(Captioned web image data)
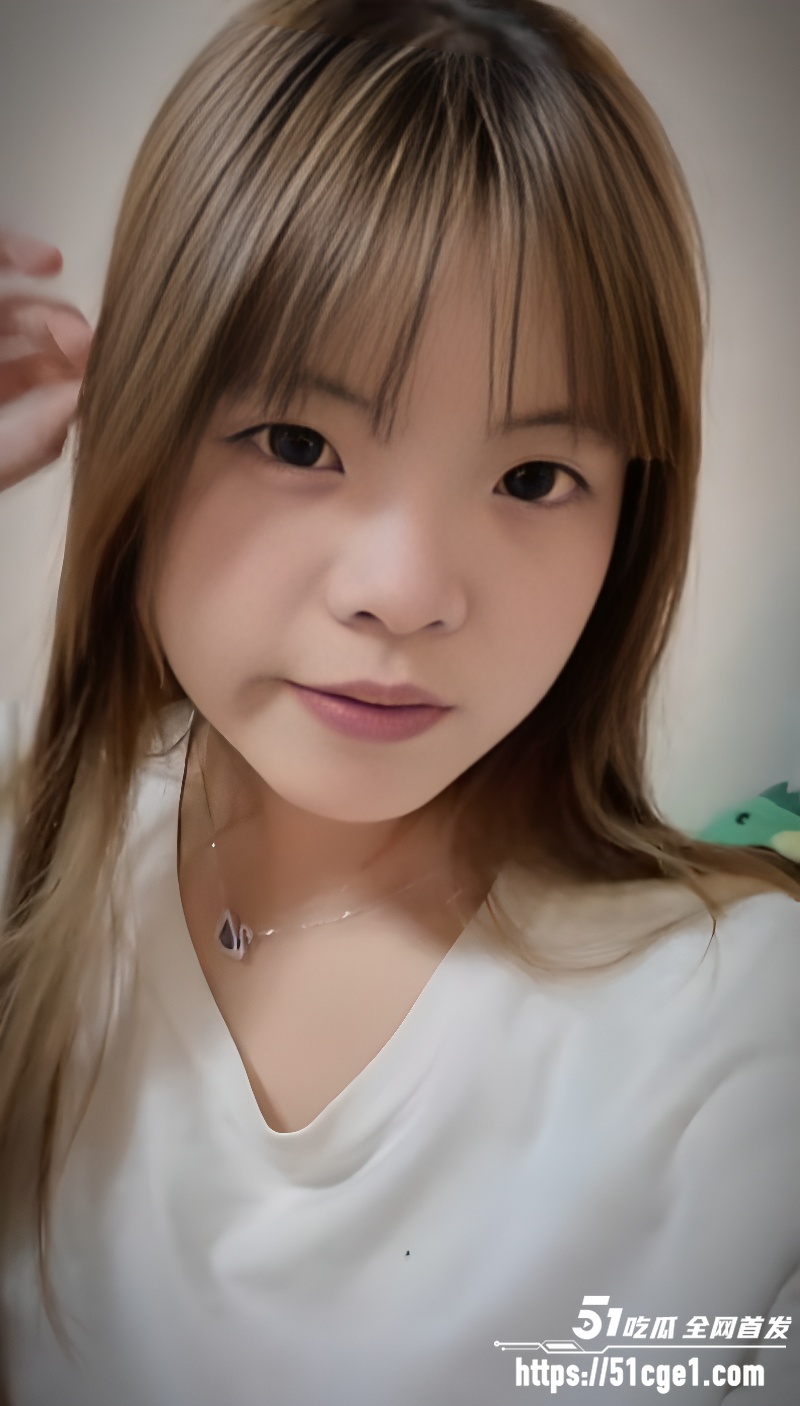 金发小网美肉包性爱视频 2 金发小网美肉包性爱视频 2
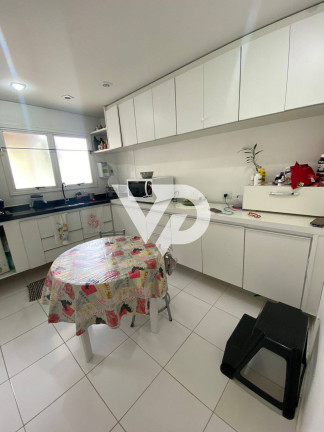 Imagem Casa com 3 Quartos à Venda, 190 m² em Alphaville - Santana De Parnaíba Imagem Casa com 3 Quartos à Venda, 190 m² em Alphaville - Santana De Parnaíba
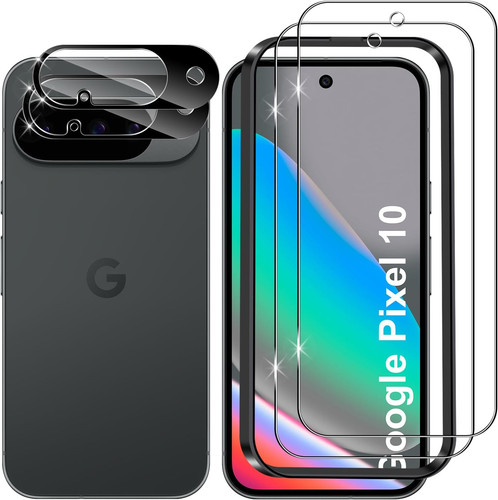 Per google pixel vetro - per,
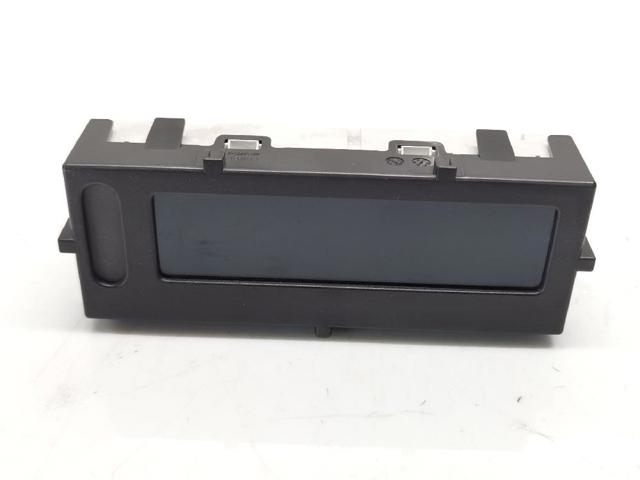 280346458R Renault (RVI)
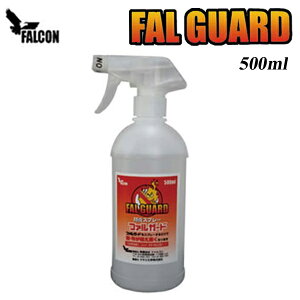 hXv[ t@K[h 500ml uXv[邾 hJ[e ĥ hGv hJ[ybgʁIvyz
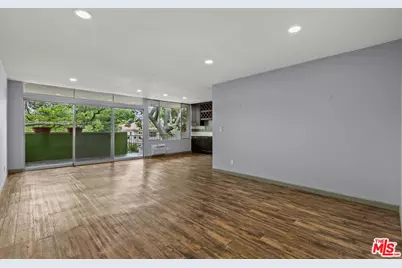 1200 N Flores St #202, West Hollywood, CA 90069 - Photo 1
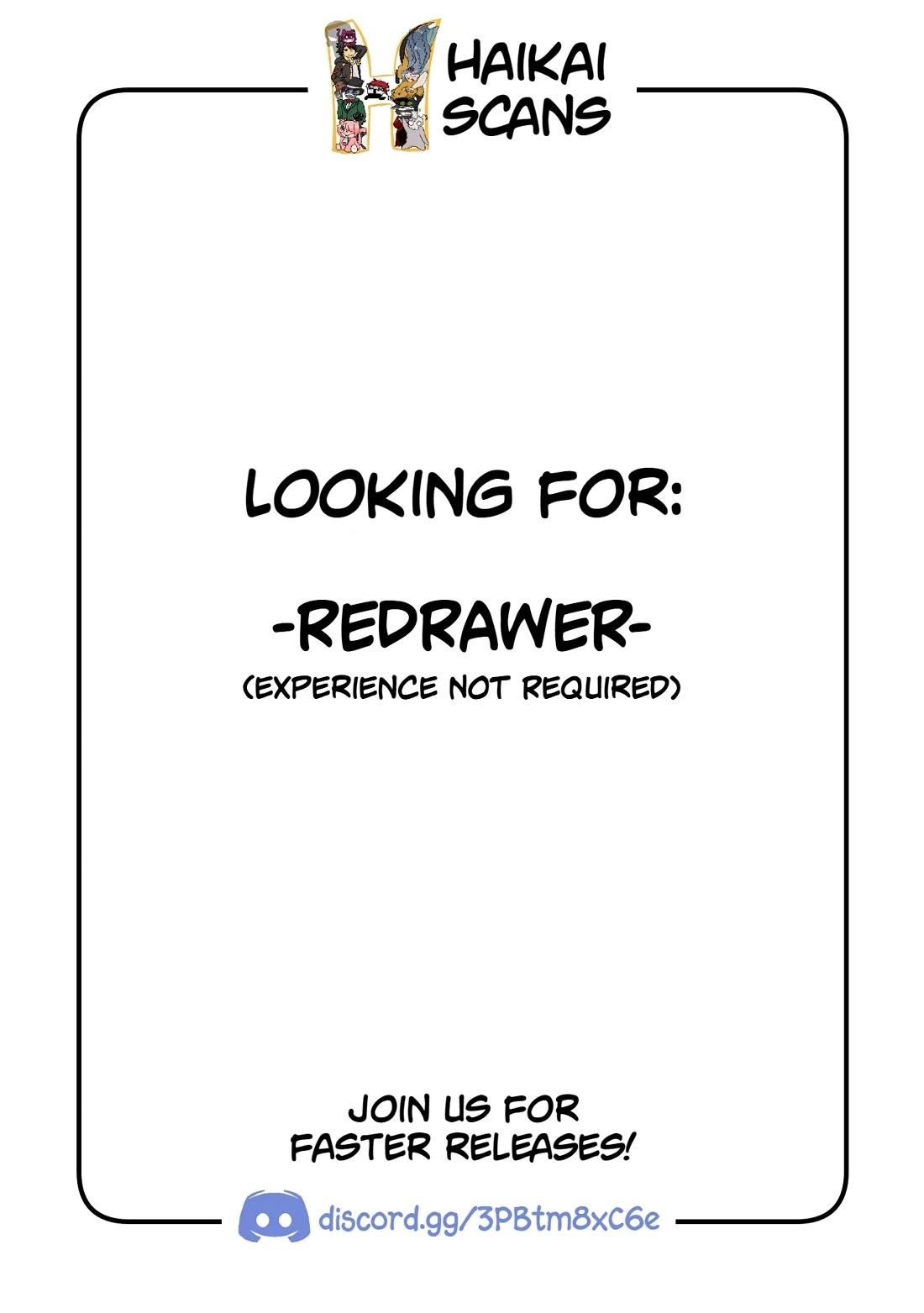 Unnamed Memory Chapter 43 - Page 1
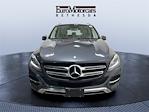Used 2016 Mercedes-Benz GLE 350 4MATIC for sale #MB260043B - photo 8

◆ **Action item**: Nothing but the lines from the one holding "1200 N Flores" to the end of the entries above should be echoed, exactly and with both ends included; omit the pictures.

◆ **Solution**:
 1200 N Flores St #202, West Hollywood, CA 90069 - Photo 1
 Unnamed Memory Chapter 43 - Page 1
Used 2016 Mercedes-Benz GLE 350 4MATIC for sale #MB260043B - photo 8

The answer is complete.